Data excerpts

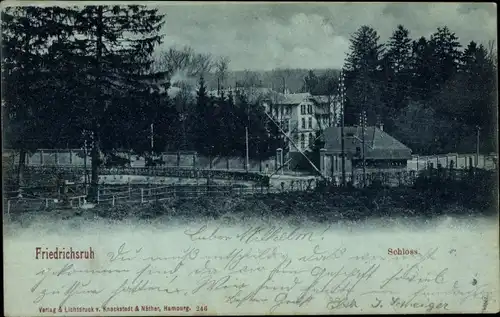 Ak Friedrichsruh Aumühle Niedersachsen, Teilansicht vom Schloss, Wald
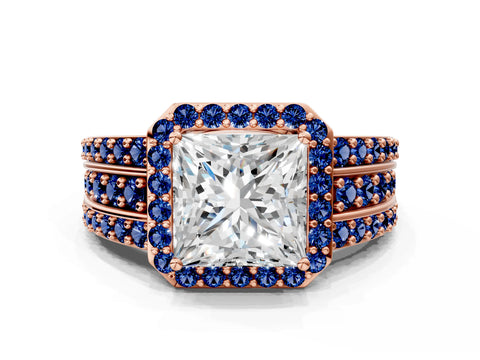 Rose gold Princess Cut Halo Diamond Ring with Round with Blue Sapphire side stone Split Shank and Prong Setting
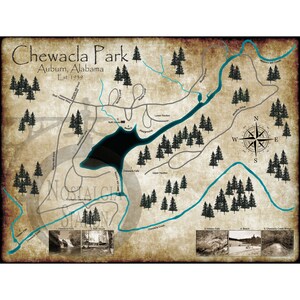 Carte du parc de Chewacla, Auburn, Alabama, oeuvre d'art originale, art mural, carte du lac, style vintage, livraison gratuite !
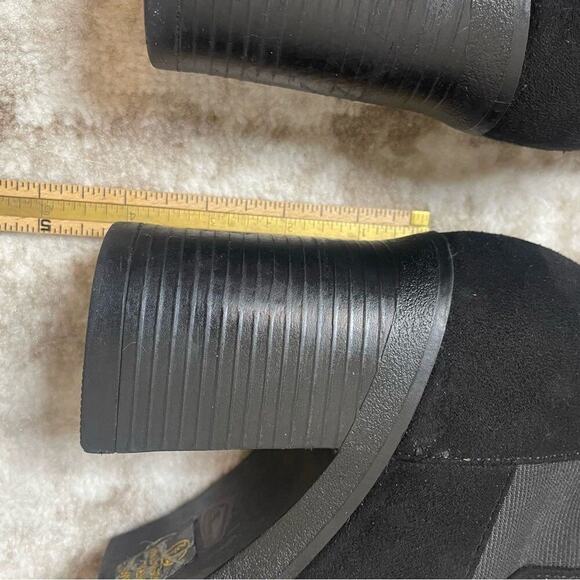 SODA brand boots chunky heel black suede Y2K thick sole and block square SZ 7.5 - Picture 6 of 7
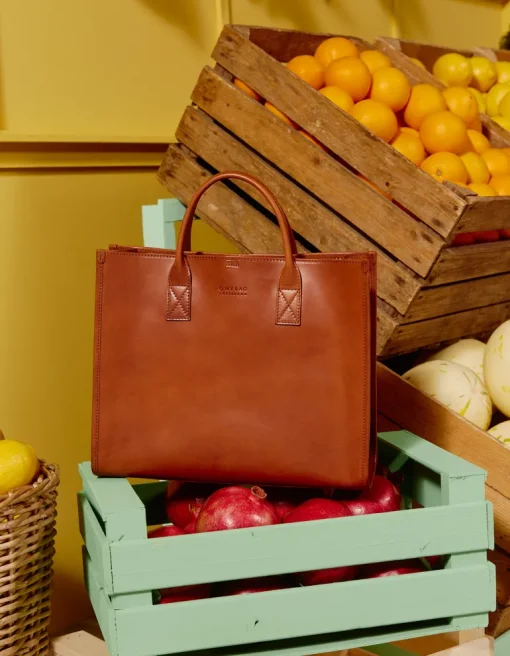 Jackie Classic Leather Bag Cognac Brown<O My Bag Best Sale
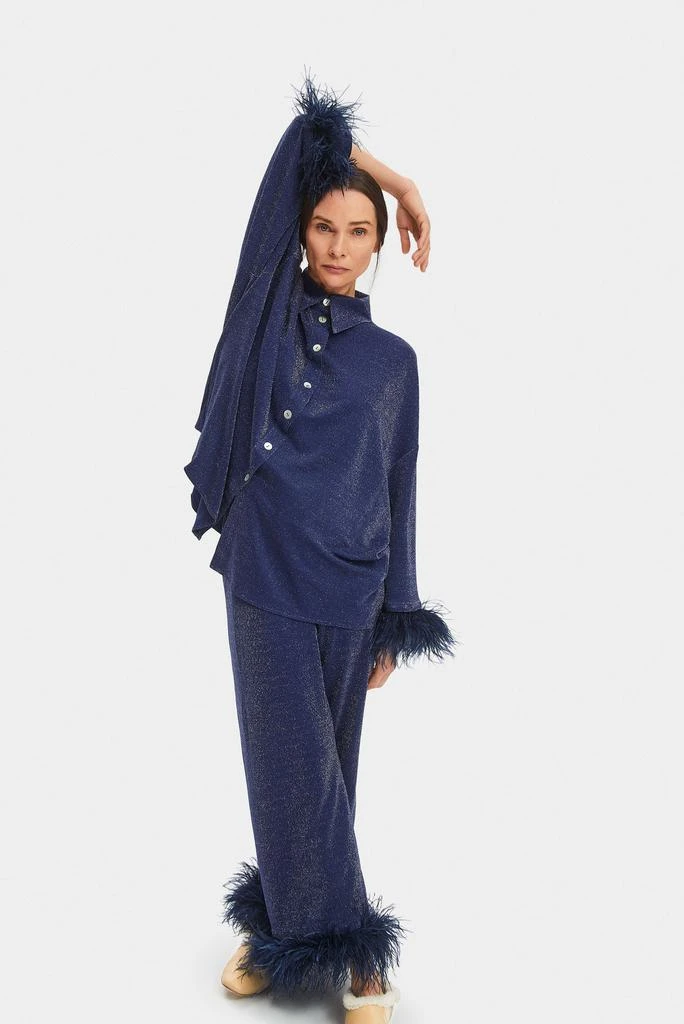 Sleeper Cosmos Oversized Lurex Pajamas Set in Navy 5
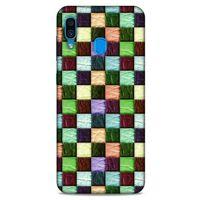 Samsung Galaxy A30 Kılıf Patchwork (6) Silikon Kılıf Su Yeşili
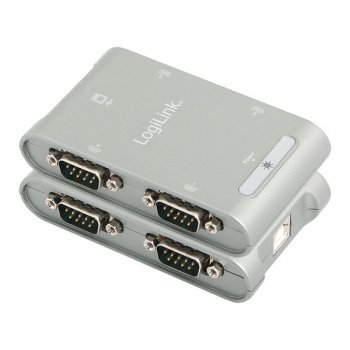 LogiLink USB 2.0  to 4x Serial Adapter Box, 
USB2.0-A Male to 4x RS232 Female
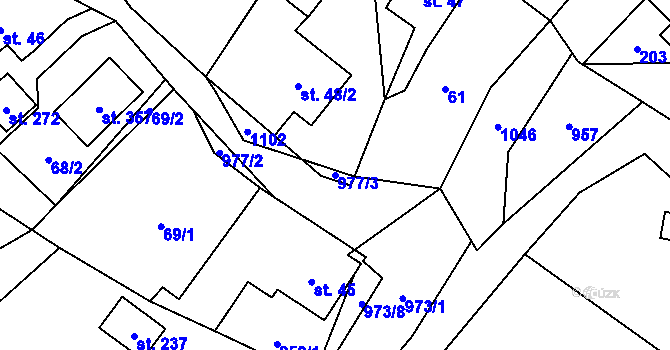 Parcela st. 977/3 v KÚ Bordovice, Katastrální mapa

Exercise objective
Everything from the first line of the records through the line containing "Sleeper Cosmos Oversized" should be reproduced exactly, apart from the pictures.

Output for this task
 Ak Friedrichsruh Aumühle Niedersachsen, Teilansicht vom Schloss, Wald
 Rose gold Princess Cut Halo Diamond Ring with Round with Blue Sapphire side stone Split Shank and Prong Setting
 Carte du parc de Chewacla, Auburn, Alabama, oeuvre d'art originale, art mural, carte du lac, style vintage, livraison gratuite !
 SODA brand boots chunky heel black suede Y2K thick sole and block square SZ 7.5 - Picture 6 of 7
 Jackie Classic Leather Bag Cognac Brown<O My Bag Best Sale
 Sleeper Cosmos Oversized Lurex Pajamas Set in Navy 5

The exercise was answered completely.